As you have pointed out, in the short circuit conditions, since the load is
located about 10mtrs away, the load is about 20mtrs wire cable.

Any new suggestions, please


By the way International Rectifier has given me this reply, for my problem
and I quote:

"Here is an Application Note "Using The Current Sensing IR212X Gate Drive ICs" with other possible configurations for the current sensing. May be it could be better to use the configuration like described on page 6 (Desat Detection Circuit Configuration) or page 4 Figure 3a.

In this circuit you use the IR2125 it's not possible to use the current sense
function. Therefore you need a MOSFET with current sense pin. What you have is a normal Transistor and you are measuring the current flowing through the 100kOhm resistor and not through the load. Please see the datasheet on page 1 typical connection... this MOSFET has 4 pins (drain, gate, source and current
sense).

 

[FRIED]

When the output is turned on the CS is blanked for a short period. This may be sufficient to destroy the switch.
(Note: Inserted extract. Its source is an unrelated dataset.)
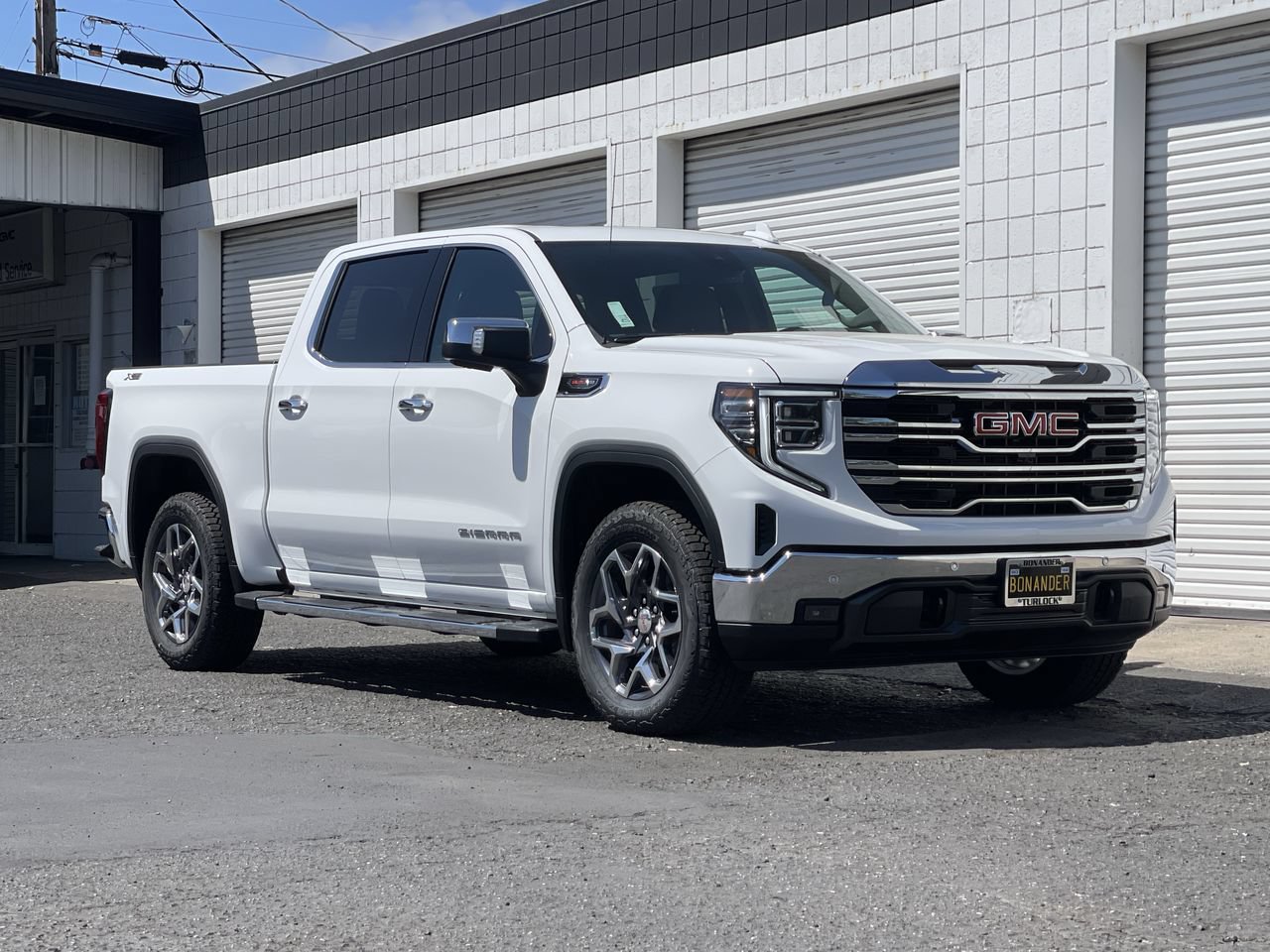 New 2026 GMC Sierra 1500 SLT w/ SLT Premium Plus Package AWD/4WD image 1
To limit the rate of rise put an inductor (with diode) in series with the switch.

 

[devura]

As per IR Technical Team's suggestion, where they have said that it's not possible to use the current sense function and therefore we need a MOSFET with current sense pin. We have now got the IRC740 Hexsense MOSFET with us and even after using this MOSFET with 5 pins (drain, gate, source, current sense, kelvin), in the circuit, we are still not able to solve the original problem, because we are faced with a new problem now. With this MOSFET, the GATE is not switching OFF, even when the INPUT is removed i.e., the GATE is always HIGH irrespective of the changes in the IN from LOW - to - HIGH - to - LOW.

Pls advise - Thanks in advance

 

[Blatman Bond]

What is your load?
I can't see any low side switch in your schematic, but diode and capacitor bootstrap applied, it will not work if the output voltage never reach the ground.
For only 110Vdc i better to use mosfet, 500V rated mosfet still low Rds-on.
IRFP460 only 0.2 ohm when switched on. I see that your current sense is 0.1 ohm, too big for high current.

 

[Blatman Bond]

Sorry, your load is 200 ohm contactor, low current. I think mosfet is better.

IGBT designed for high voltage high current switch, when drop voltage affect the efficiency.
10A 900V rated mosfet has typically 1.5 ohm Rds-on, but 10A 500V rated mosfet only 0.7 ohm.
Mosfets are bad switch on high voltage high current operation. IGBT always drop only 2.5V on Vce sat.